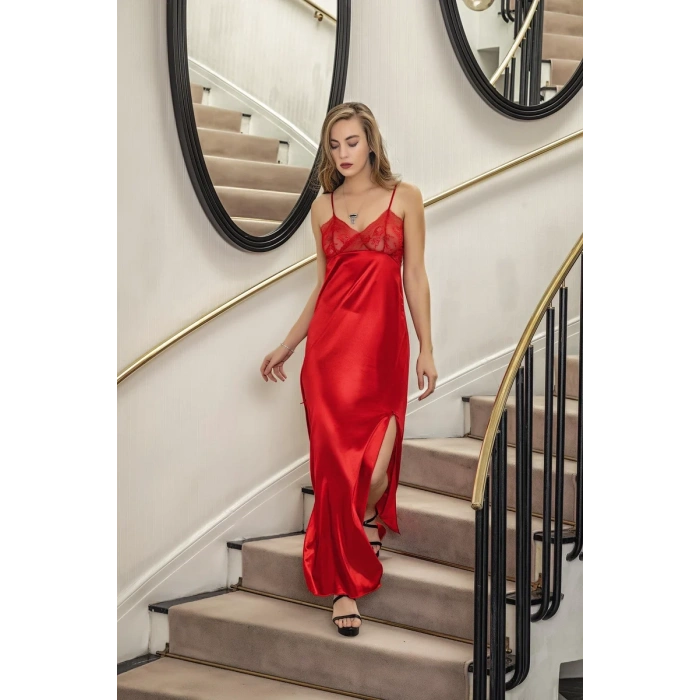 DANTELLİ UZUN YIRTMAÇLI SATEN GECELİK ELBİSE STRİNG TAKIM KIRMIZI (MGP31512)
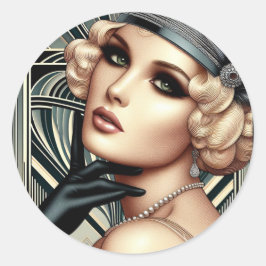 Redondo Adesivo Art Déco Femme Fatale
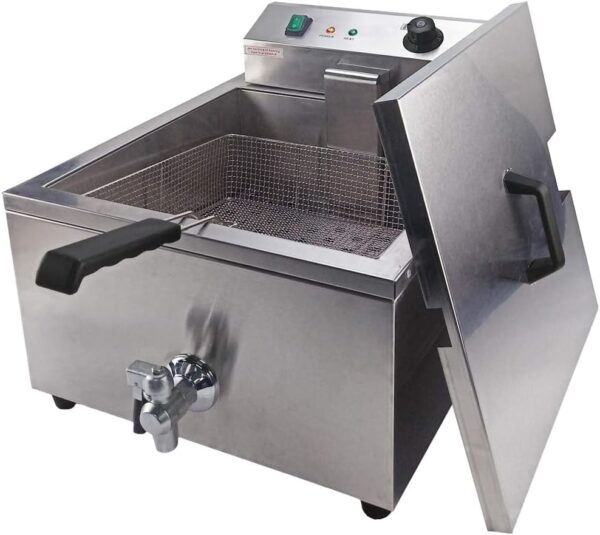 TAIMIKO 30L Electric Deep Fryer Fat Chip Fry Single Tank Commercial Stainless Steel Chip Fryer Countertop 3000W Oil Easy Clean French fries,50~200 ° C - Image 3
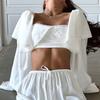 women's Ruffle Lace Trim Square Neck Cropped Top Long Puff Sleeve Tie Back Blouse Shirt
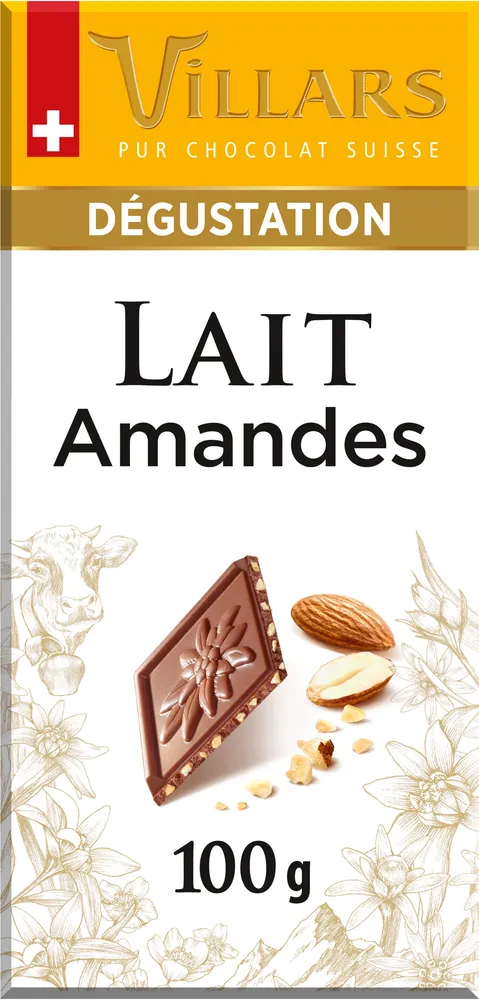 Chocolat Villars Lait Eclats amandes grillées 100g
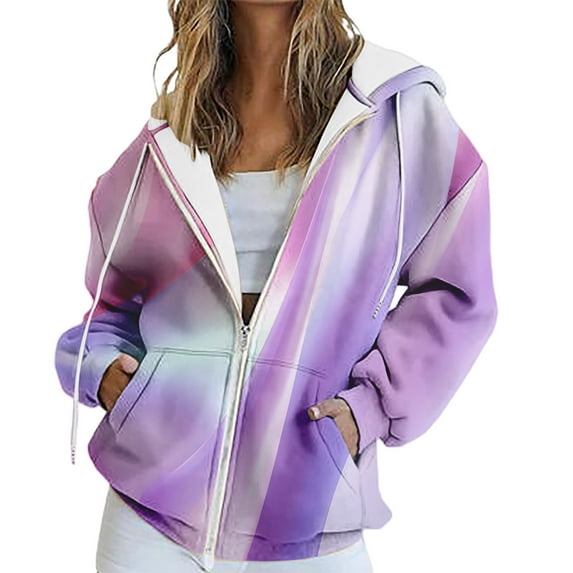 Bovemsi Sweatshirt for Women Zip Activewear Jacket Coat Printed Fall Outwear With Pockets Zip Up Hoodie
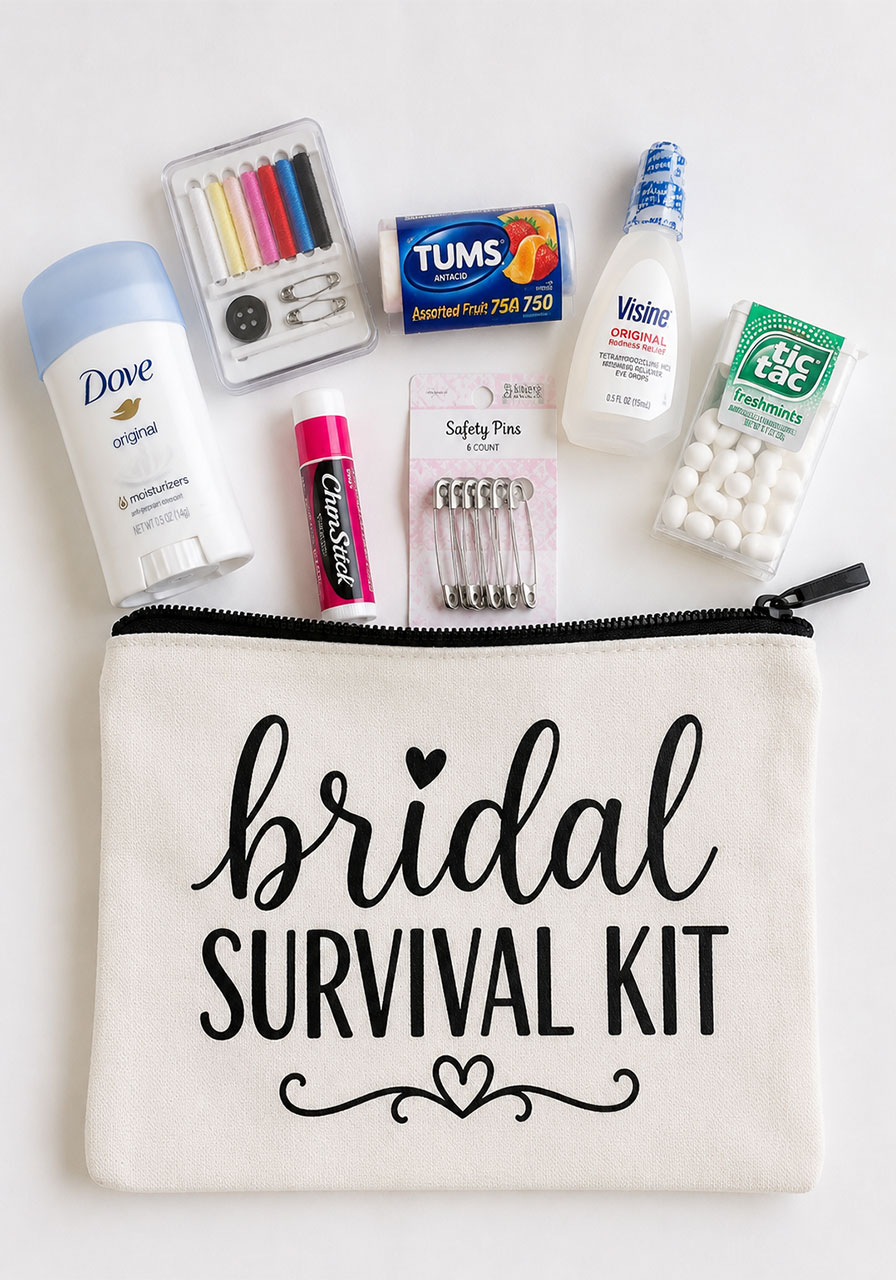 DIY bridal survival kit canvas bag made with Cricut iron-on vinyl — personalized bridal shower gift idea for the bride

TO DO →
What is needed is an exact copy of every entry, minus the images.

WRITTEN RESPONSE →
 DANTELLİ UZUN YIRTMAÇLI SATEN GECELİK ELBİSE STRİNG TAKIM KIRMIZI (MGP31512)
 Redondo Adesivo Art Déco Femme Fatale
 TAIMIKO 30L Electric Deep Fryer Fat Chip Fry Single Tank Commercial Stainless Steel Chip Fryer Countertop 3000W Oil Easy Clean French fries,50~200 ° C - Image 3
 women's Ruffle Lace Trim Square Neck Cropped Top Long Puff Sleeve Tie Back Blouse Shirt
 Chocolat Villars Lait Eclats amandes grillées 100g
 Bovemsi Sweatshirt for Women Zip Activewear Jacket Coat Printed Fall Outwear With Pockets Zip Up Hoodie
 DIY bridal survival kit canvas bag made with Cricut iron-on vinyl — personalized bridal shower gift idea for the bride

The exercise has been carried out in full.